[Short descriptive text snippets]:
==========

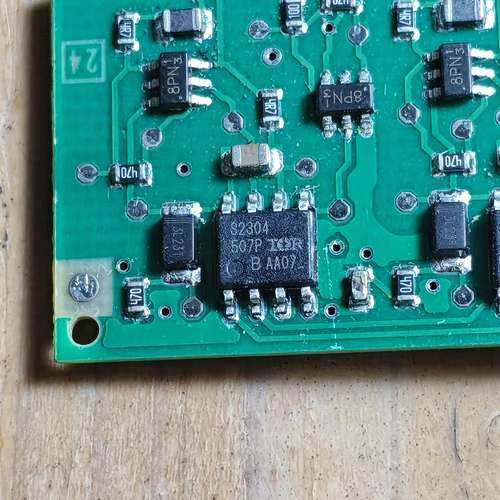 议价S2304  IRS2304 IR2304S 贴片电源芯片询价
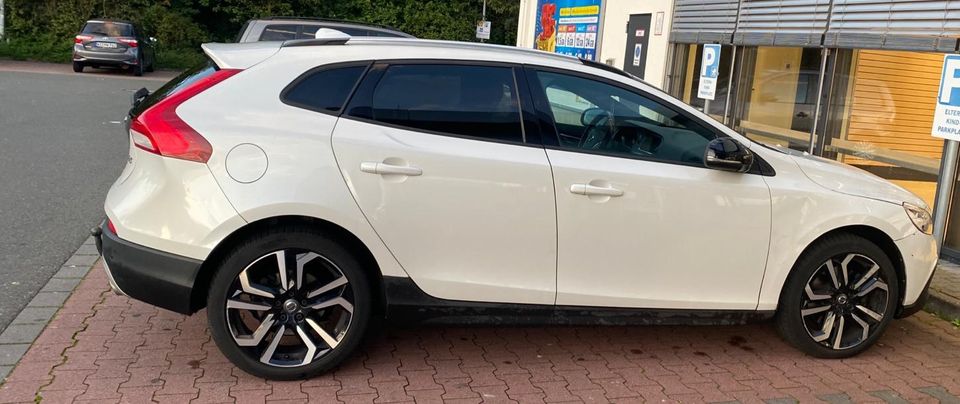 Volvo V40 D3 Cross Country in Gießen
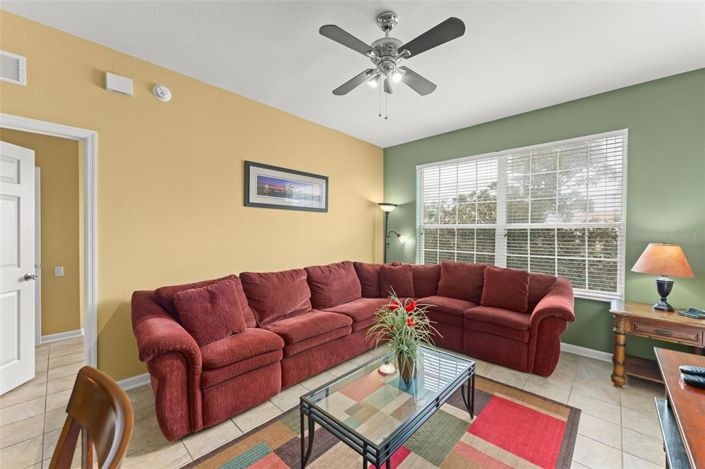 Image No.12-3 Bed Apartment for sale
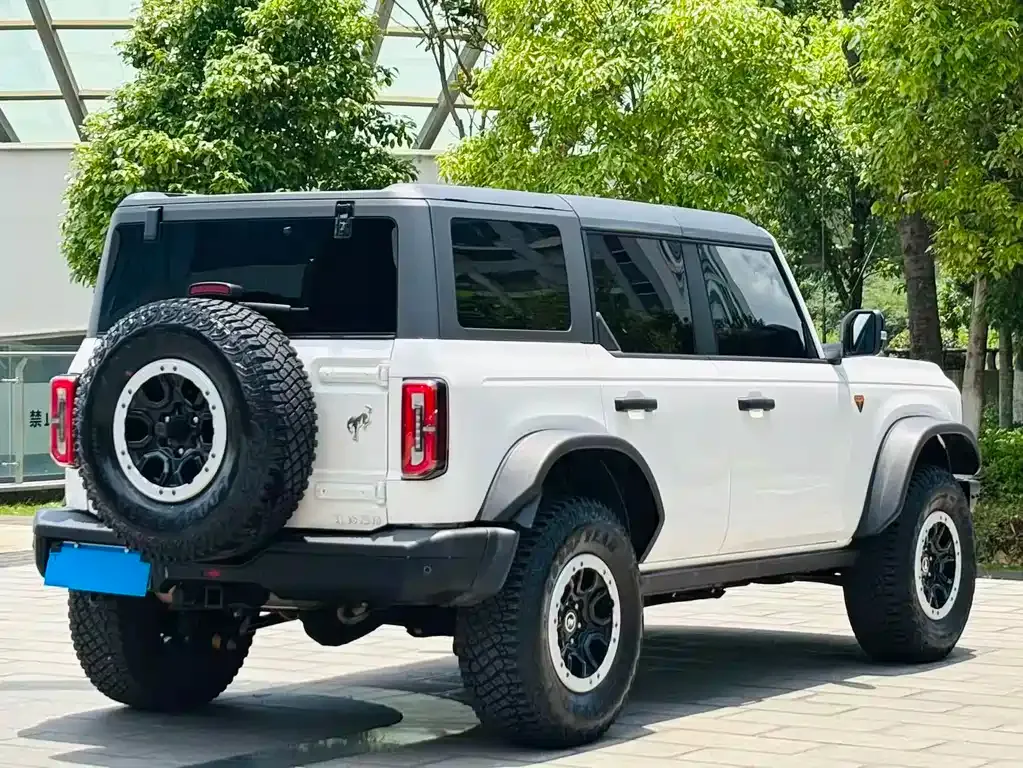 Ford Bronco — фото 10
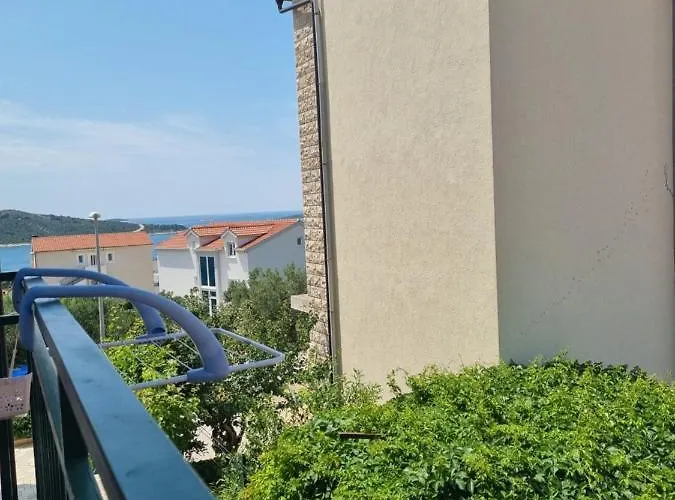 Toni Poce 2 Primošten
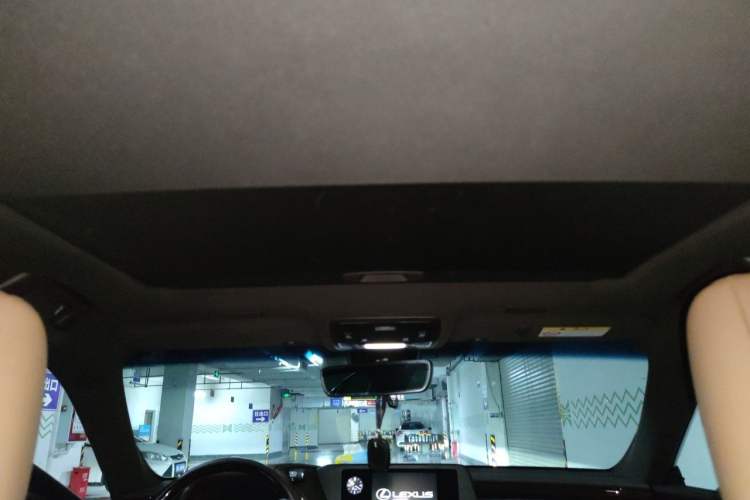 Used Lexus ES 2018 200 Luxury Edition China V Standard Headliner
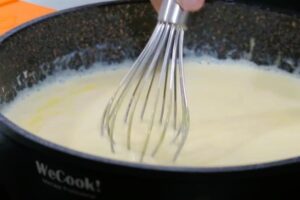 hojaldre relleno con crema y merengue 4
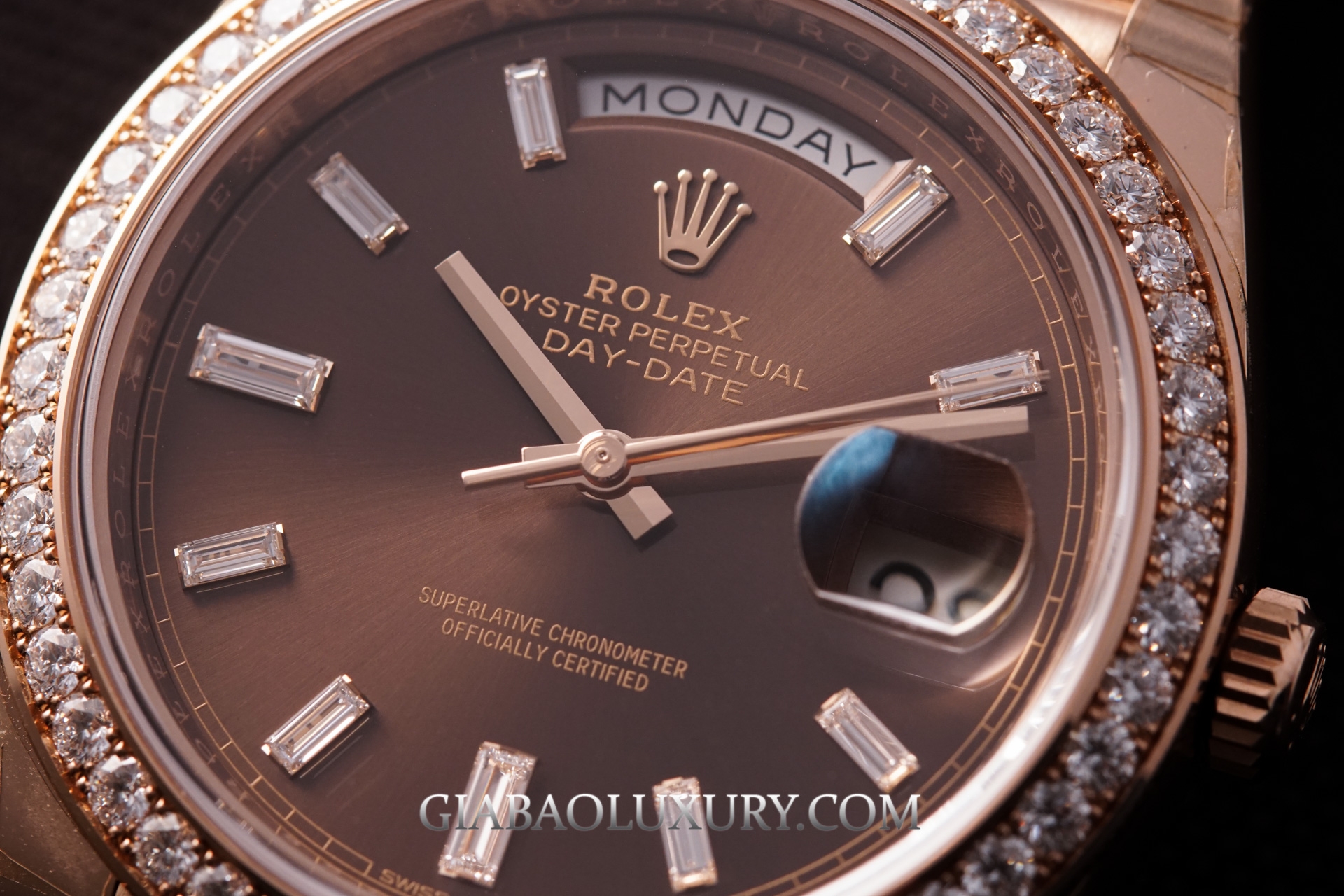 Đồng hồ Rolex Day-Date 228345RBR Mặt Số Chocolate Cọc Kim Cương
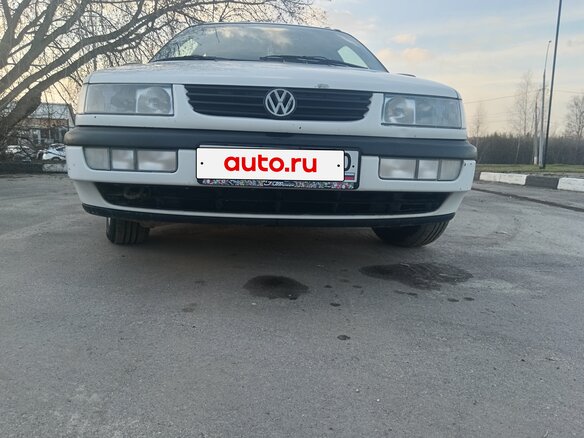 1994 Volkswagen Passat B4, белый, 500000 рублей - вид 1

==========

[PROBLEM REQUIREMENTS]: Once the line holding "hojaldre relleno con crema y merengue 4" is found, copy it and each later line exactly through the end of the data, leaving out the pictures.

[RESPONSE TO THE EXERCISE]:
 hojaldre relleno con crema y merengue 4
 Đồng hồ Rolex Day-Date 228345RBR Mặt Số Chocolate Cọc Kim Cương
 1994 Volkswagen Passat B4, белый, 500000 рублей - вид 1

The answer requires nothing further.